• _Task to carry out_: Only the pictures are dropped; the lines of the material that follow are returned exactly.

━━━

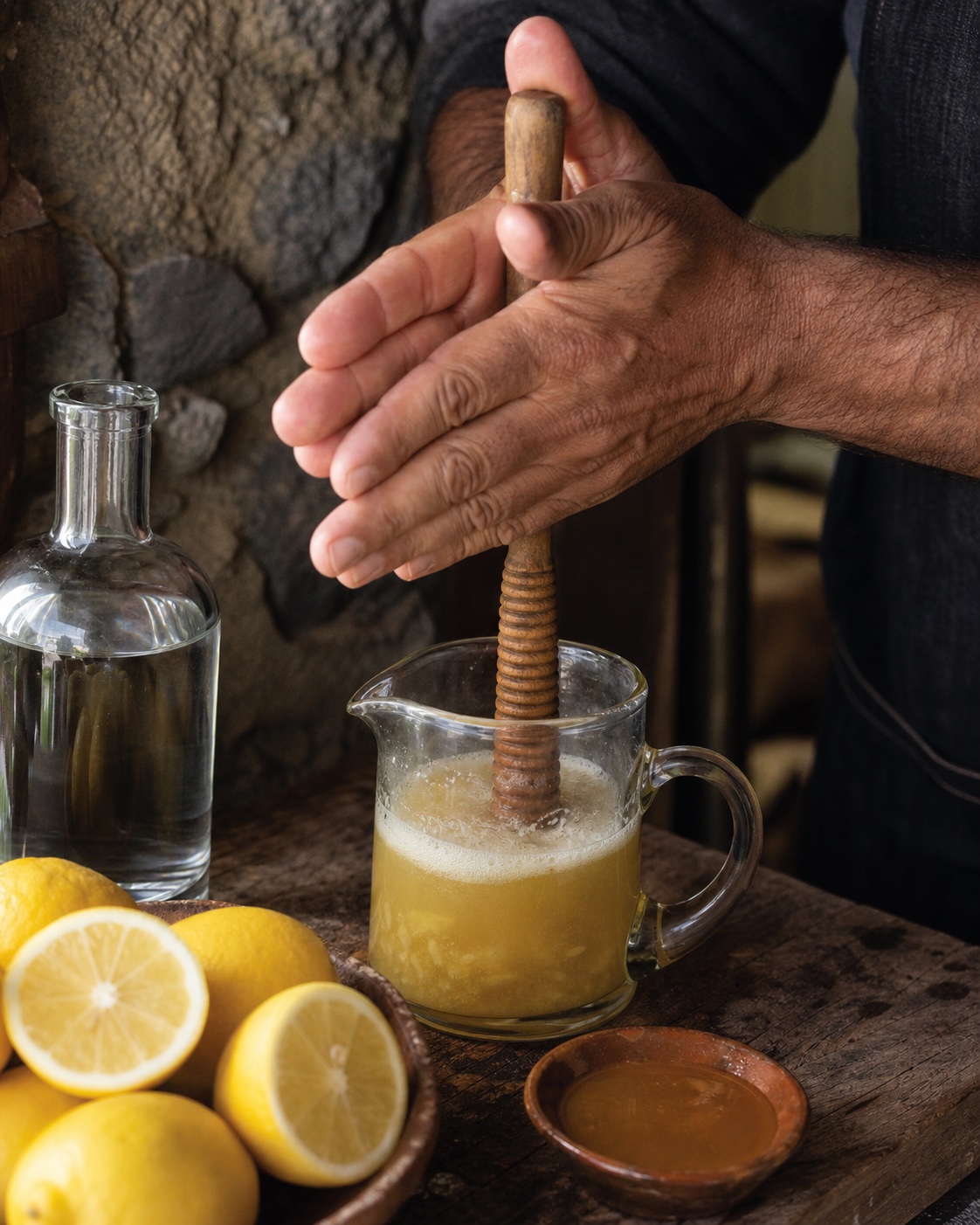 Mãos a misturar poncha fresca com um mexelote tradicional de madeira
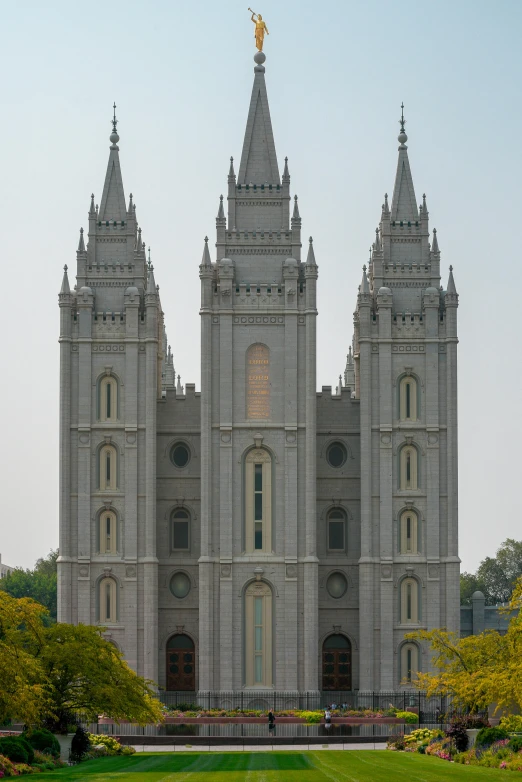 a large building sitting on top of a lush green field, a statue, cathedrals, utah, symmetrical!!, three towers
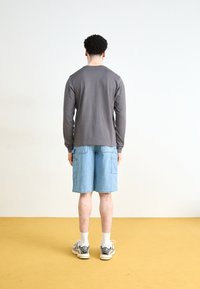 Gray long-sleeve shirt paired with blue denim shorts. The shorts feature side pockets. White socks and athletic shoes are worn.
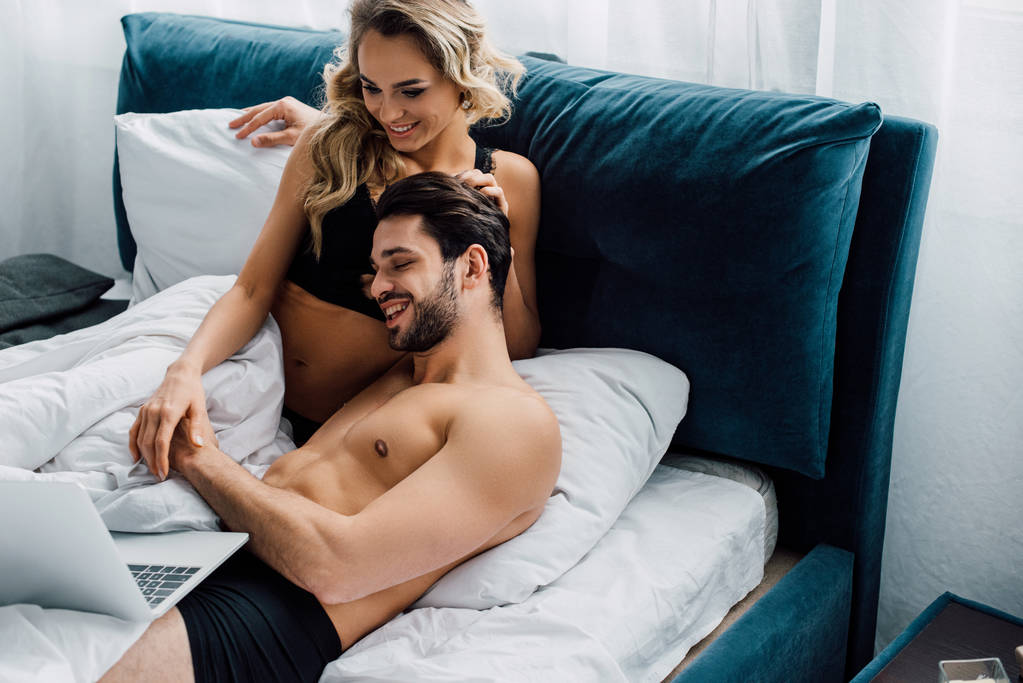 Sexy mulher tocando sorrindo namorado enquanto olha para laptop na cama
  - Foto, Imagem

━━━

• _Response for this exercise_:
 Mãos a misturar poncha fresca com um mexelote tradicional de madeira
 a large building sitting on top of a lush green field, a statue, cathedrals, utah, symmetrical!!, three towers
 Gray long-sleeve shirt paired with blue denim shorts. The shorts feature side pockets. White socks and athletic shoes are worn.
 Sexy mulher tocando sorrindo namorado enquanto olha para laptop na cama
  - Foto, Imagem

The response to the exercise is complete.